Comic actress and playwright Mae West was known for her bold sensuality, clever one-liners and resurrection of Paramount Studios. She was the first actress to control her own scripts. Knowing her sexy dialogue would rankle Hollywood censors, West left in offensive snippets for them to slash, allowing double entendres to tiptoe past. Not everyone approved, but many enjoyed watching a brassy bombshell speak her mind. “I never set out to make men a career,” she once remarked. “It just happened that way.”

Mae West’s Early Days

Mary Jane West was born August 17, 1893, in Brooklyn, New York, to boxer and livery stable owner John “Battlin’ Jack” West and Matilda “Tillie” Delker-Doelger, a corset model and unsuccessful actress. She began entering talent contests at age five as “Baby Mae.”

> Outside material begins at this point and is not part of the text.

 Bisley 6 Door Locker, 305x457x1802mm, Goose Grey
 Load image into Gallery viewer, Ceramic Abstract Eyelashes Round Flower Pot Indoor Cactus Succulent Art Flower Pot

At age 12, she was performing in vaudeville as “Baby Vamp,” and introducing audiences to the sexy dance move known as the shimmy by age 18. In 1911, West debuted on Broadway with the revue “A la Broadway and Hello, Paris.” For the next 15 years, she performed both on Broadway and in vaudeville as a dancer and singer.

Sources in this Story

West’s Film Career

In 1926, West wrote and performed in a play called “Sex,” playing a hooker. The popular play was raided, and West and the cast arrested. West bailed the cast out, and refused to close the show. She sentenced to 10 days in jail, and was paid $1,000 for an interview when she got out. According to New York Magazine, she used that money to open a library at the women’s prison where she had been held.

In 1932, she appeared in her first Hollywood film, “Night After Night.” It was followed by “She Done Him Wrong,” adapted from her Broadway play, “Diamond Lil,” and which included several memorable lines, such as “Is that a gun in your pocket, or are you just happy to see me?”

The movie helped Paramount, which had been near bankruptcy, and also helped make Cary Grant a star.

By 1935, she was the second highest-paid actor in the country. She made several films during the 1930s and 40s, including “I’m No Angel” (1933), “Klondike Annie” (1936) and “My Little Chickadee (1940), which also starred W.C. Fields. After 1943’s “The Heat’s On,” West’s film career went on hiatus until the 1970s.

The Woman and Her Work

The Rest of the Story

West’s last films, “Myra Breckenridge” (1970) and “Sextette” (1978), weren’t well received. Time magazine’s obituary noted, “Mae could not comprehend that anyone would find it odd to see a woman her age being romanced by men half a century younger.”

In her later years, she remained obliviously narcissistic, telling interviewers, “I look the way I did when I was 22.” West died on November 22, 1980, following complications from a stroke she suffered three months earlier.